During surgery, any loose bodies are removed and the fracture is fixed with screws. After surgery around six weeks of restricted weight bearing wearing a Removable Plastic Cast is usually required. Once full fracture healing is confirmed by the doctor, then rehabilitation can begin with a physiotherapist. Hydrotherapy exercises are very helpful in regaining ankle range of movement. Non weight bearing exercises, such as pool running using a Buoyancy Belt, also allow the patient to regain fitness. Manual therapy with the physio can help to restore normal ankle movement. This is important
The use of a Wobble Board to enhance your balance and proprioception can help to prevent ankle injuries by improving proprioception and ankle stability. The wobble board, together with Ankle Braces, are commonly used in the rehabilitation of ankle instability. Wobble boards are designed to assist the re-education of the proprioceptive system by improving sensory receptor function. Previous research has also shown that wobble board training improves single leg stance ability and balance, while other studies have suggested that patients with ankle instability who underwent wobble board training experienced significantly fewer recurrent sprains during a follow-up period than those who did not follow the training programme.

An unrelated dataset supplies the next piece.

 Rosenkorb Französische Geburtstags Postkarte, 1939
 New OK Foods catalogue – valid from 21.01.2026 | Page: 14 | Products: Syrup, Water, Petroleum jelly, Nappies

Wearing a sports ankle brace and high cut shoes may also give more support to the ankle. This acts as a physical restraint and helps to prevent going over on the ankle. For snowboarding we recommend the Aircast A60 Ankle Brace , which is an excellent preventative ankle brace for sports.
Previous research has shown the injury incidence in students with taped ankles was 4.9 ankle sprains per 1000 participant games, compared with 2.6 ankle sprains per 1000 participant games in students wearing ankle braces. This compared with 32.8 ankle sprains per 1000 participant games in subjects that had no taping or bracing.